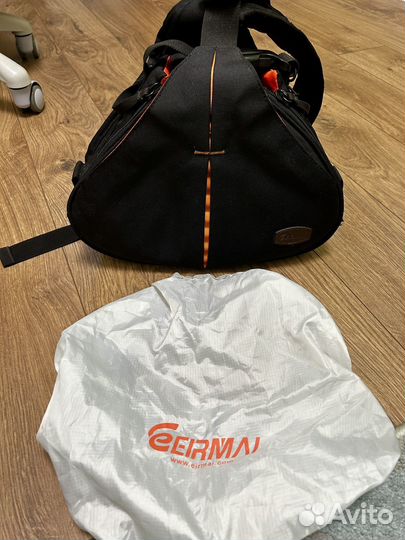 Фоторюкзак с дождевиком Eirmai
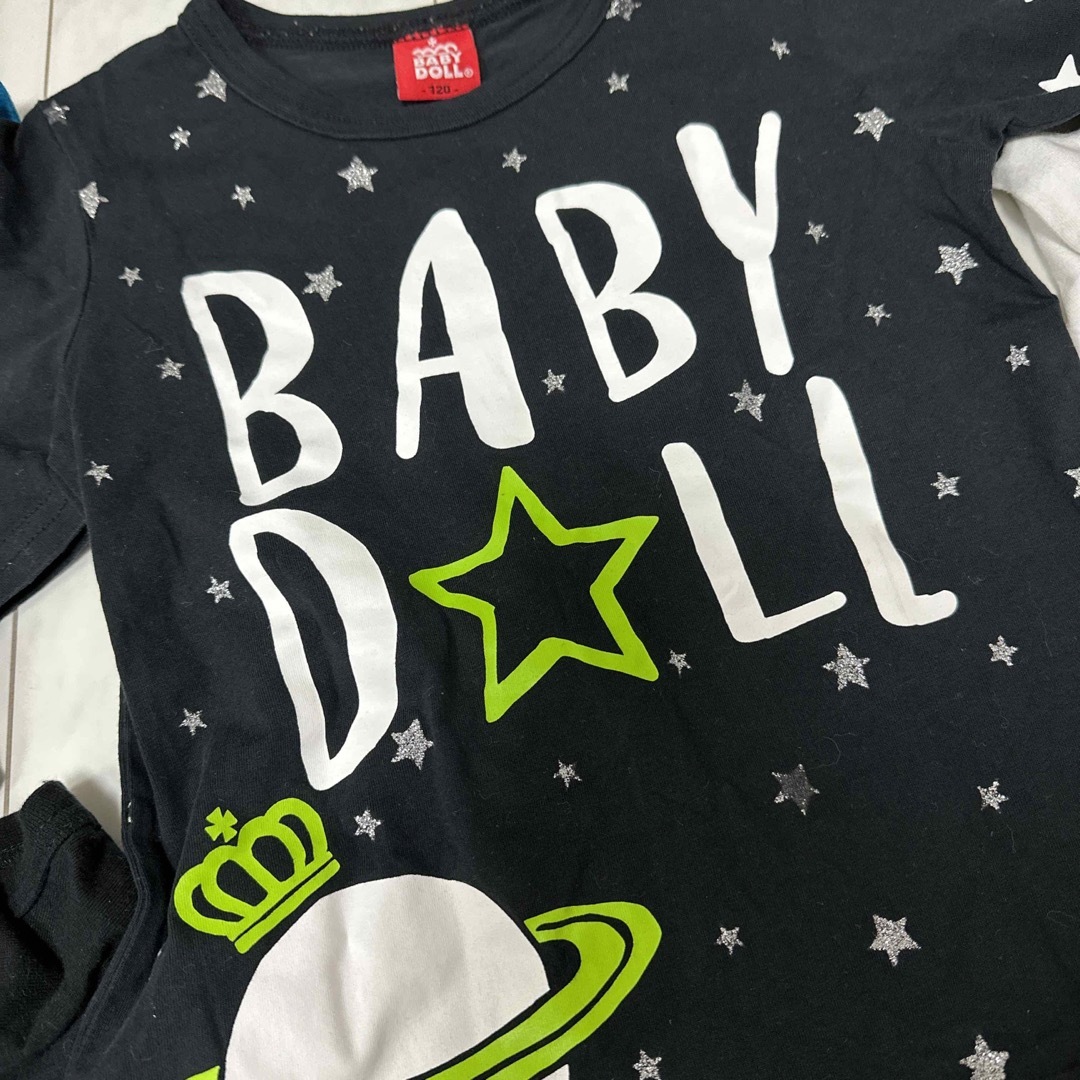 BABYDOLL(ベビードール)のベビードール⭐︎120⭐︎ロンT キッズ/ベビー/マタニティのキッズ服男の子用(90cm~)(Tシャツ/カットソー)の商品写真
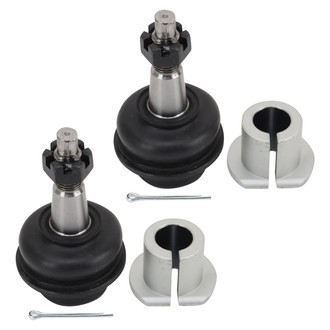 TRQ® - Front Upper Ball Joint Kit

------------------------------------------------------------------------

◆ EXERCISE REQUIREMENTS ◆
Set down the data again, exactly, without images.

◆ YOUR SOLUTION ◆
 Фоторюкзак с дождевиком Eirmai
 BABYDOLL(ベビードール)のベビードール⭐︎120⭐︎ロンT キッズ/ベビー/マタニティのキッズ服男の子用(90cm~)(Tシャツ/カットソー)の商品写真
 TRQ® - Front Upper Ball Joint Kit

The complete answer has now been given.